§ Exercise aim:
Find the line containing "Camisola de Manga" in the entries; transcribe it and all remaining lines through the end, exactly as they appear, but not the pictures.

§ Available data:
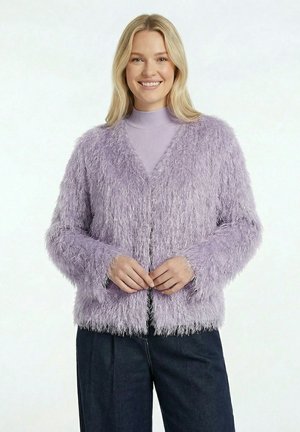 Femme souriante portant un cardigan duveteux lavande sur un col roulé violet clair et un pantalon foncé, debout devant un fond clair uni.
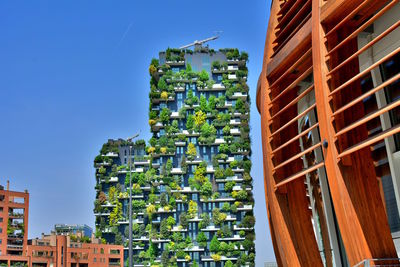 Low angle view of modern buildings against clear blue sky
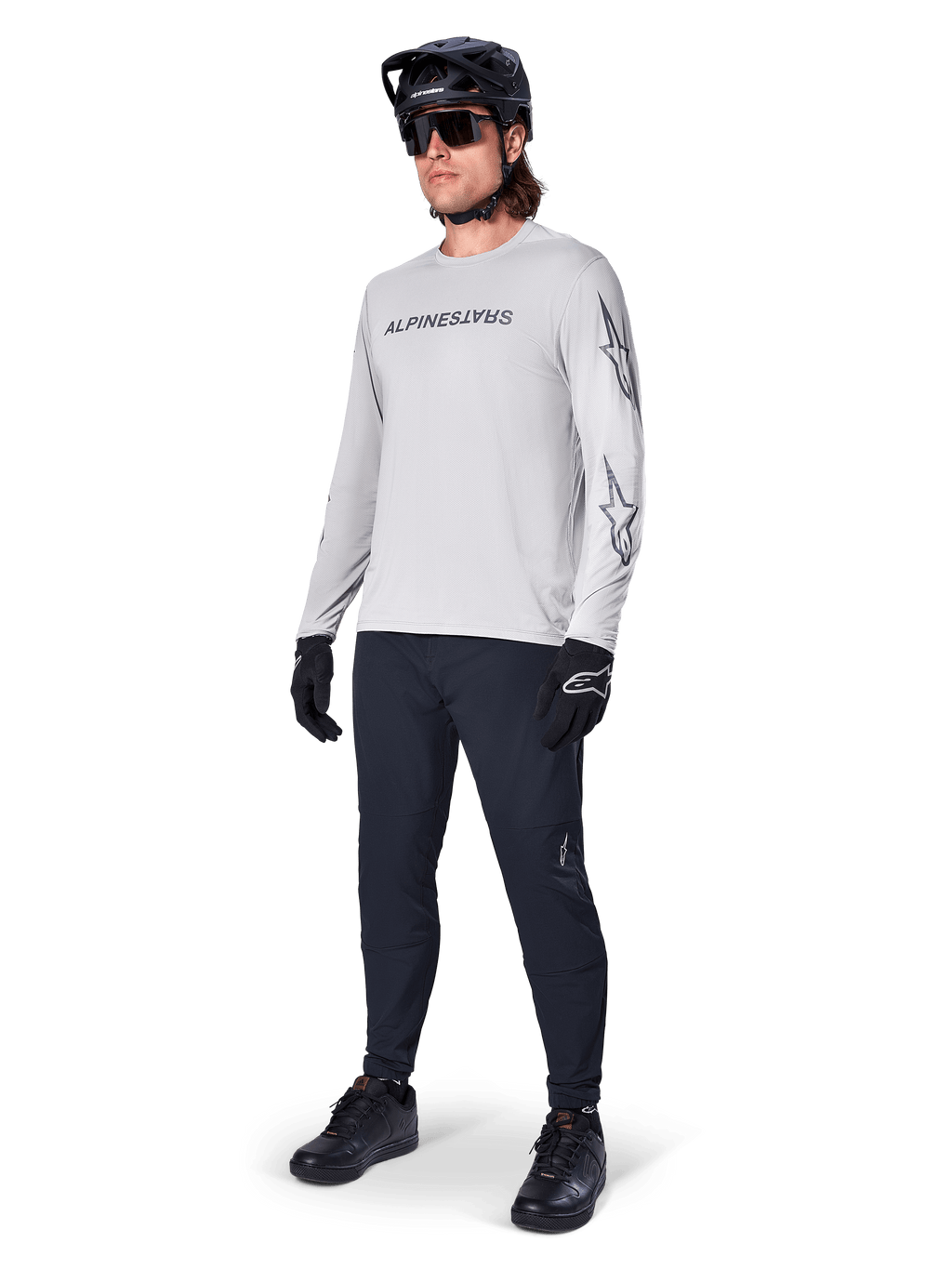 Camisola de Manga Comprida Alpinestars A-Dura Switch, cinzento claro, usada por ciclista masculino com calças de BTT pretas e capacete, com logótipo nominativo preto no peito e grafismos de estrela nas mangas, equipamento de ciclismo de alta performance para todo-o-terreno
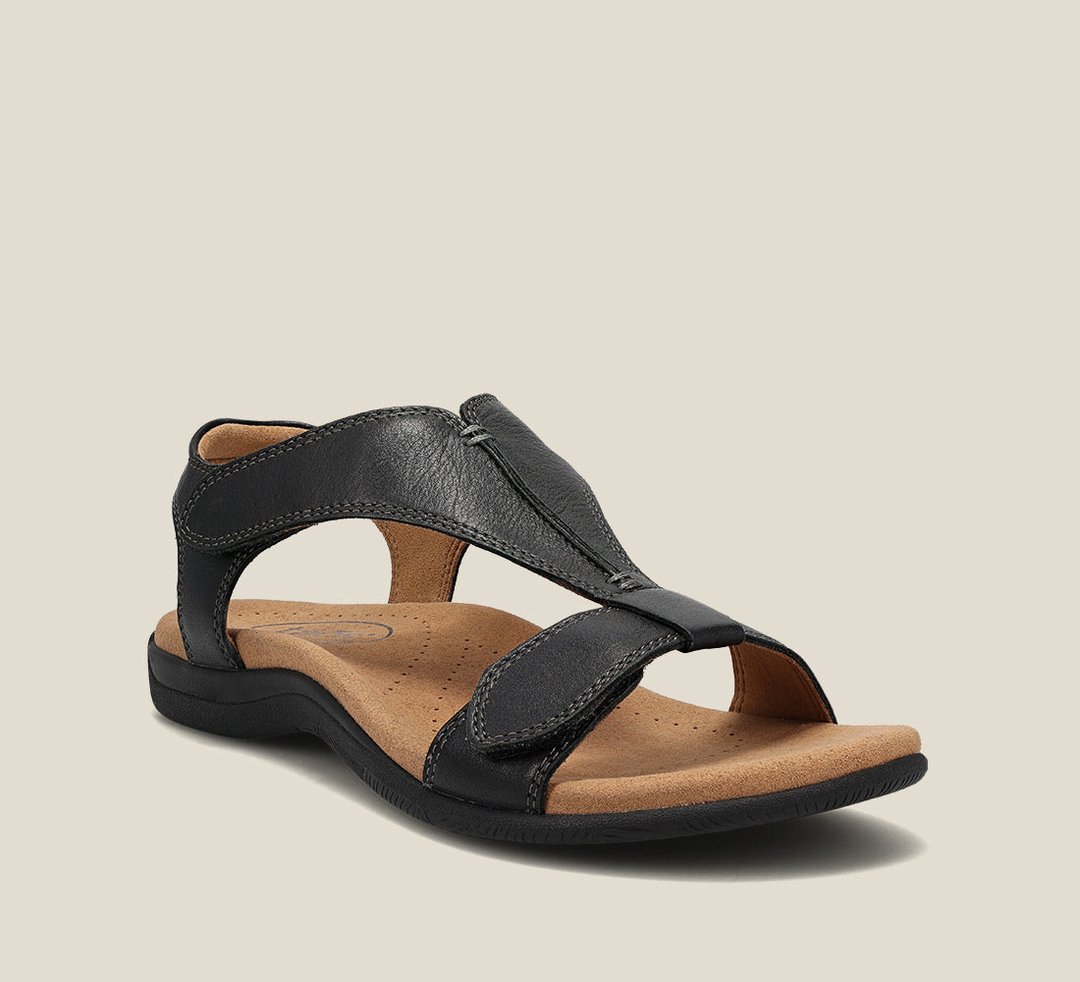 Black leather t-strap orthopedic sandal with cushioned footbed and grip sole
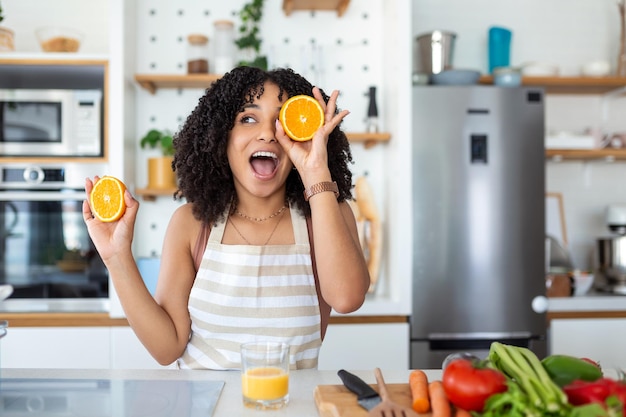 Foto de una linda mujer afroamericana sonriendo y sosteniendo dos partes naranjas mientras cocina ensalada de verduras en el interior de la cocina en casa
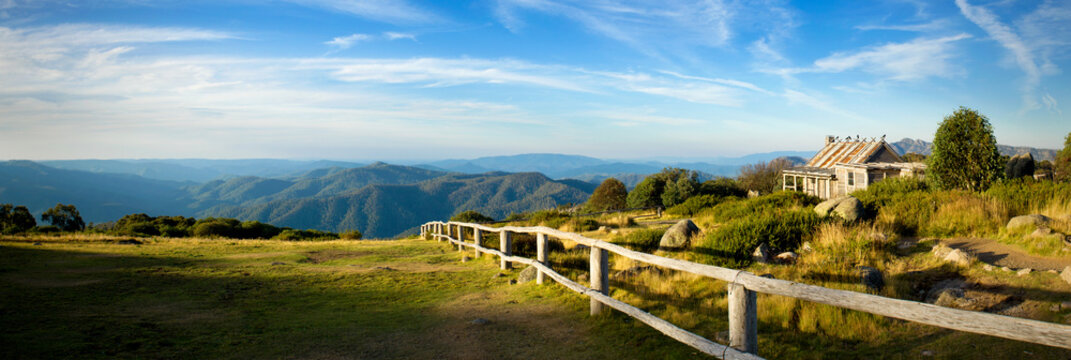 Historic mountain hut overlooking endless blue ranges.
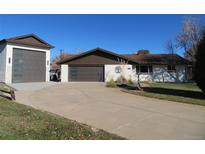 Ranch-style home with attached garage and landscaped yard at 2262 Ammons St, Lakewood, CO 80214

§ Written answer:
 Camisola de Manga Comprida Alpinestars A-Dura Switch, cinzento claro, usada por ciclista masculino com calças de BTT pretas e capacete, com logótipo nominativo preto no peito e grafismos de estrela nas mangas, equipamento de ciclismo de alta performance para todo-o-terreno
 Black leather t-strap orthopedic sandal with cushioned footbed and grip sole
 Foto de una linda mujer afroamericana sonriendo y sosteniendo dos partes naranjas mientras cocina ensalada de verduras en el interior de la cocina en casa
 Historic mountain hut overlooking endless blue ranges.
 Ranch-style home with attached garage and landscaped yard at 2262 Ammons St, Lakewood, CO 80214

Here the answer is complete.